Exercise goal: Nothing but the lines from the start of the entries below through the line containing "Finished garage with" should appear in the answer, copied exactly and free of pictures.
*** Opening of Data shown ***
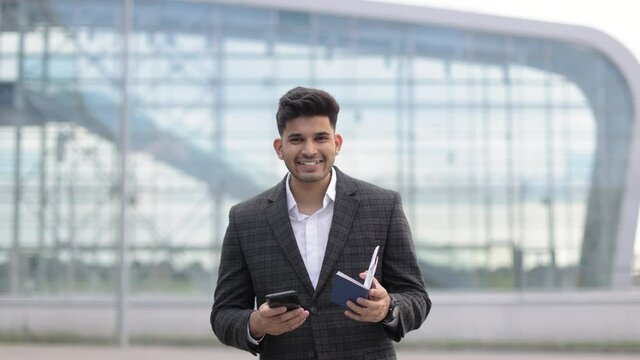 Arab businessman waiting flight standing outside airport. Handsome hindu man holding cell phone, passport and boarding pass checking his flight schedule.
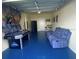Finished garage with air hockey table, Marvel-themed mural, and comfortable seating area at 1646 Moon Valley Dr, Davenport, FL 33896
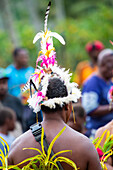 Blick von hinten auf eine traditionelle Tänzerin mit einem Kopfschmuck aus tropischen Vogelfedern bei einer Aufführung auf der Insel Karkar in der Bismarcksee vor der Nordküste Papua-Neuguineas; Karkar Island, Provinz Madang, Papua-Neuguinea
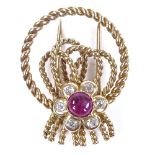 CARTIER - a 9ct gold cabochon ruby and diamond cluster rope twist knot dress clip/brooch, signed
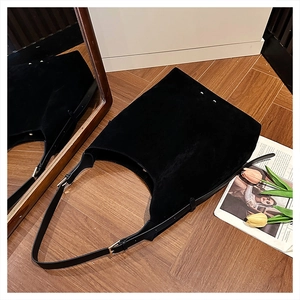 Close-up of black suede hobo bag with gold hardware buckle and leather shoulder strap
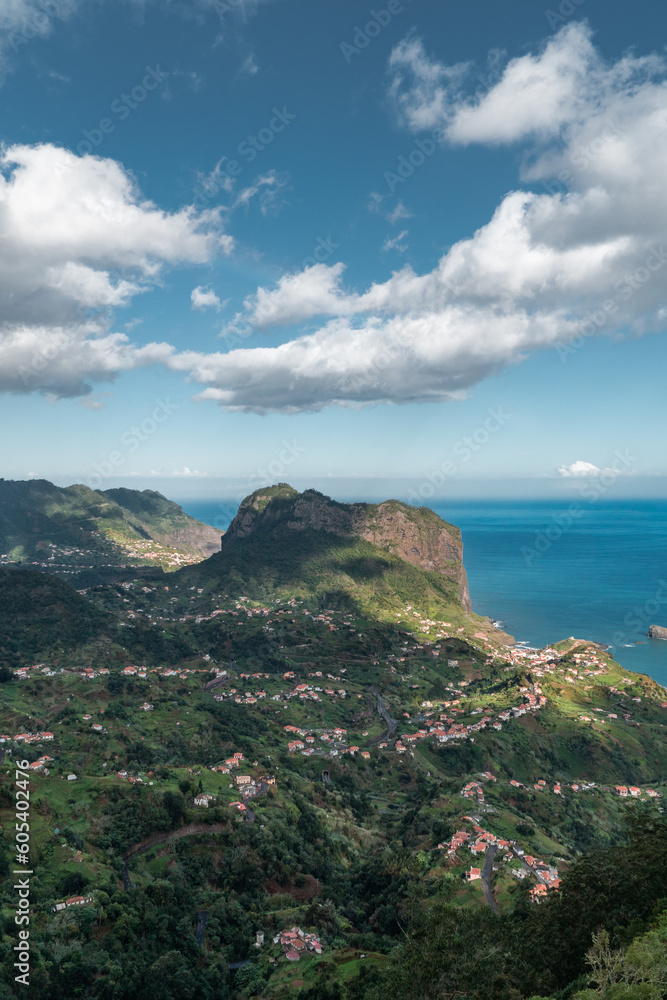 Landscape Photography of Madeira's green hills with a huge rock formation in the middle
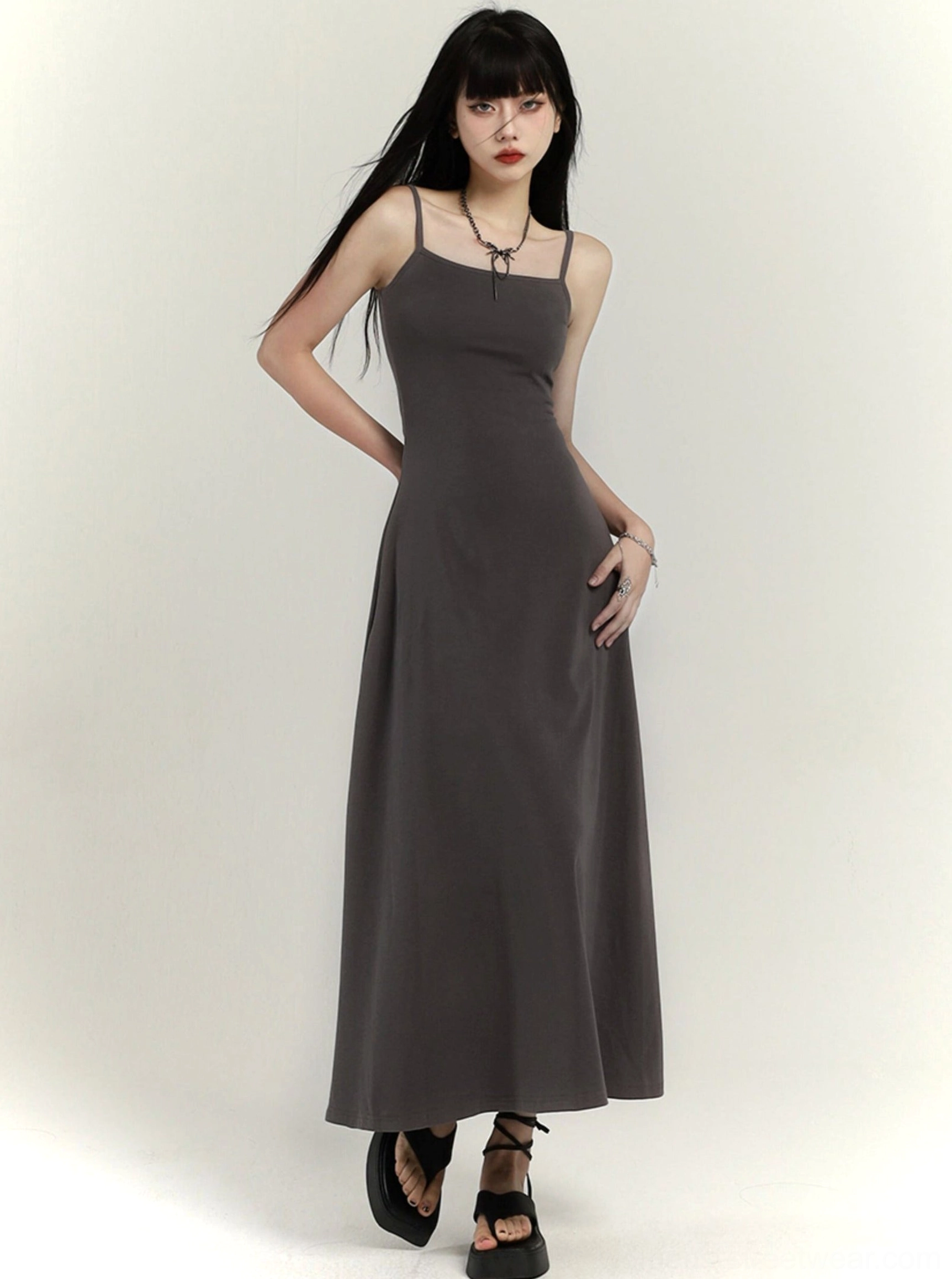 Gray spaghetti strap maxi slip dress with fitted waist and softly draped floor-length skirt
*** Close of Data shown ***
Response for this exercise:
 Arab businessman waiting flight standing outside airport. Handsome hindu man holding cell phone, passport and boarding pass checking his flight schedule.
Finished garage with air hockey table, Marvel-themed mural, and comfortable seating area at 1646 Moon Valley Dr, Davenport, FL 33896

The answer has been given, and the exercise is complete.